Figure 1: Provisional daily interpolated standardized sea surface temperature anomalies (SSTa) in the California Current ecosystem. Dark outline shows the current extent of the Northeast Pacific Marine Heatwave of 2019, or NEP19, off the US West Coast and Gulf of Alaska, as delineated by values of the normalized SSTa > 1.29 standard deviations from normal. SST data from NOAA's Coral Reef Watch program (https://coralreefwatch.noaa.gov/satellite/index.php), with the SST anomaly calculated using climatology from NOAA's OISST dataset. Note: this image is considered provisional and is subject to change, as it uses a different SST data source than the complete MHW reanalysis (see Figure 2).
Figure 2: Science-quality (delayed 3-weeks), daily interpolated standardized sea surface temperature anomalies (SSTa) in the California Current ecosystem available for analysis of MHW presence. Figure details as in Figure 1 (above). SST data from NOAA's Optimum interpolation Sea Surface Temperature analysis (OISST; https://www.ncdc.noaa.gov/oisst), with the SST anomaly calculated using climatology from NOAA's AVHRR-only OISST dataset.
Figure 3: The large marine heatwave known as "the blob" at its near maximum areal extent in September 2014. Color represents the SSTa standardized by the standard deviation (SD) at that location calculated at each pixel over 1984-2016. Dark outlines denote the area where the standardized SSTa is >1.29 times the local SD and the small circle denotes the centroid of the feature.
Figure 4: Retrospective analysis of sea surface temperature anomalies in the California Current region, 1982-2019. Figure shows the relatively higher strength, size, and duration of MHW events during 2014-2016 time period, as well as the most recent 2019 MHW. Horizontal line represents the area threshold for finding features likely to impact the coastal region; colors indicate relative size of simultaneously tracked MHWs, with Black = largest, Magenta = 2nd largest, and Green = 3rd largest.

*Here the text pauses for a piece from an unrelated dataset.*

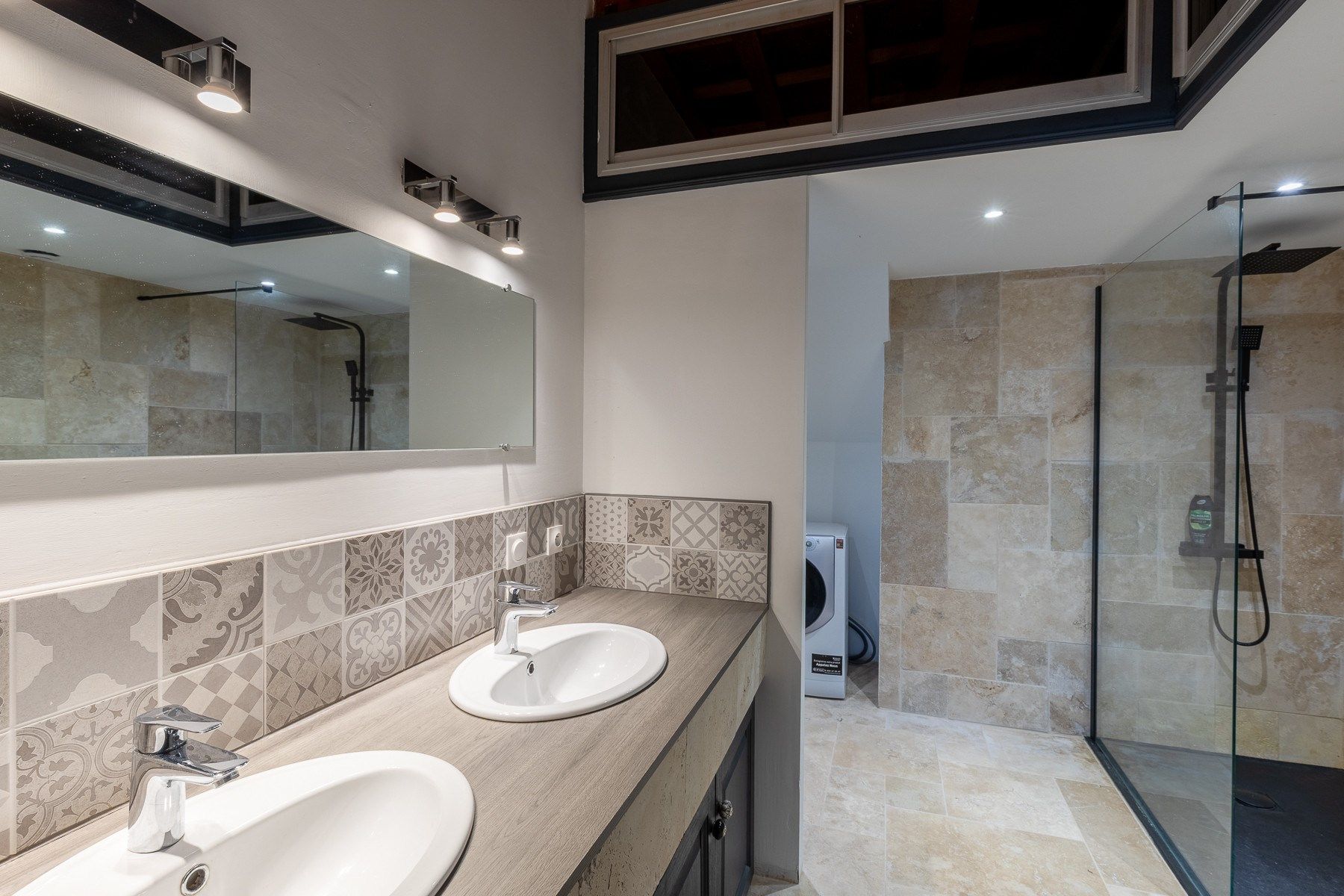 luxury house 16 Rooms for sale on CARAMAN (31460)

Figure 5a: Retrospective analysis of sea surface temperature anomalies in the California Current region during the last 6 months. Line colors as in Figure 4; however, dotted lines indicate provisional data calculated from the Coral Reef Watch SST product, rather than the OISST data (only available 3-weeks post real-time). Figure 5b. Intensity of the largest MHW over the past 6 months (dotted line based on provisional data, as noted above). Intensity is calculated as the average standardized SSTa over the entire area of a feature; units are multiples of the SSTa SD).